In [1]:
import random
from collections import deque
from typing import Tuple

import torch
import numpy as np
import torch.nn as nn
import torch.optim as optim

from environments.EnvRandomReturn import EnvRandomReturn

DEVICE = torch.device("cuda" if torch.cuda.is_available() else "cpu")

# Q-Network

In [2]:
class QNetwork(nn.Module):
    """ 
    The QNetwork should output Q-values for each discrete action.
    """
    def __init__(self, state_dim, action_dim, hidden_size=64):
        super().__init__()
        self.fc1 = nn.Linear(state_dim, hidden_size)
        self.fc2 = nn.Linear(hidden_size, hidden_size)
        self.fc3 = nn.Linear(hidden_size, action_dim)
    
    def forward(self, x):
        """ Defines the forward pass of the network """
        x = torch.relu(self.fc1(x))
        x = torch.relu(self.fc2(x))
        return self.fc3(x)  # Q-values for each action

# World-Model LSTM

In [3]:
class WorldModel(nn.Module):
    def __init__(self, state_dim, action_dim, hidden_size=64, num_layers=2):
        super().__init__()

        self.hidden_size = hidden_size
        self.num_layers = num_layers

        # LSTM for temporal modeling
        self.lstm = nn.LSTM(state_dim + action_dim, hidden_size, num_layers, batch_first=True)

        # Output layers
        self.fc_state = nn.Linear(hidden_size, state_dim)
        self.fc_reward = nn.Linear(hidden_size, 1)
        self.fc_done = nn.Linear(hidden_size, 1)

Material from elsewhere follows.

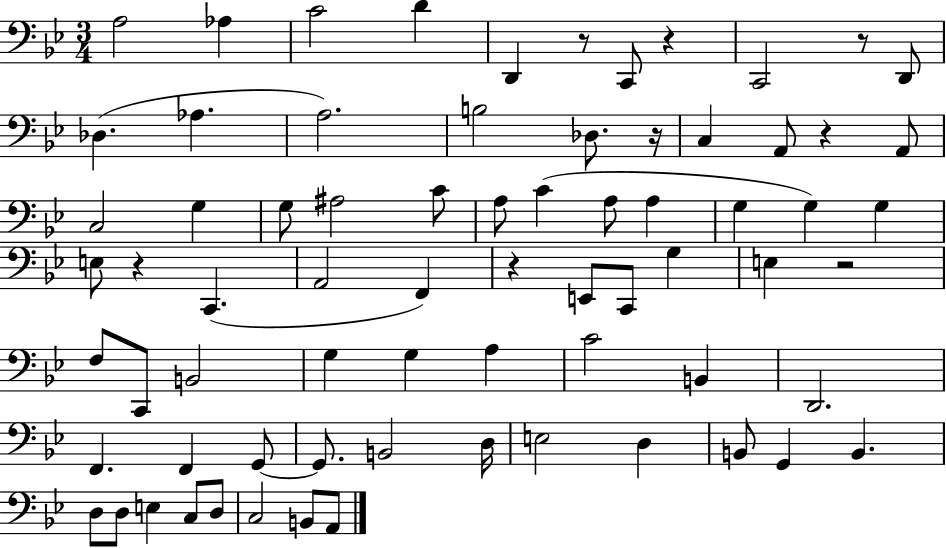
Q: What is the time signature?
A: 3/4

    def forward(self, observation, action, hidden_state=None):
        x = torch.cat([observation, action], dim=-1)  # (batch, seq_len, input_dim)

        # Initialize hidden state if not provided
        if hidden_state is None:
            h_0 = torch.zeros(self.num_layers, x.size(0), self.hidden_size, device=x.device)
            c_0 = torch.zeros(self.num_layers, x.size(0), self.hidden_size, device=x.device)
            hidden_state = (h_0, c_0)

        # Pass through LSTM
        lstm_out, hidden_state = self.lstm(x, hidden_state)  # lstm_out: (batch, seq_len, hidden_size)

        # Compute outputs
        predicted_state = self.fc_state(lstm_out)
        predicted_reward = torch.tanh(self.fc_reward(lstm_out))
        predicted_done = torch.sigmoid(self.fc_done(lstm_out))

        return predicted_state, predicted_reward, predicted_done, hidden_state

# Replay Buffer

In [4]:
class ReplayBuffer:
    def __init__(self, capacity, seq_len):
        self.capacity = capacity
        self.seq_len = seq_len  # Length of sequences to sample
        self.buffer = deque(maxlen=capacity)  # Use deque for efficiency

    def add(self, state, action, reward, next_state, done):
        """Stores a transition in the replay buffer."""
        self.buffer.append((state, action, reward, next_state, done))

    def sample(self, batch_size):
        """Samples a batch of sequence-length transitions."""
        if len(self.buffer) < self.seq_len:  # Ensure enough data
            return None

        # Select valid starting indices
        indices = np.random.choice(len(self.buffer) - self.seq_len, batch_size, replace=False)

        sequences = []
        for idx in indices:
            seq = list(self.buffer)[idx : idx + self.seq_len]  # Get a sequence
            states, actions, rewards, next_states, dones = zip(*seq)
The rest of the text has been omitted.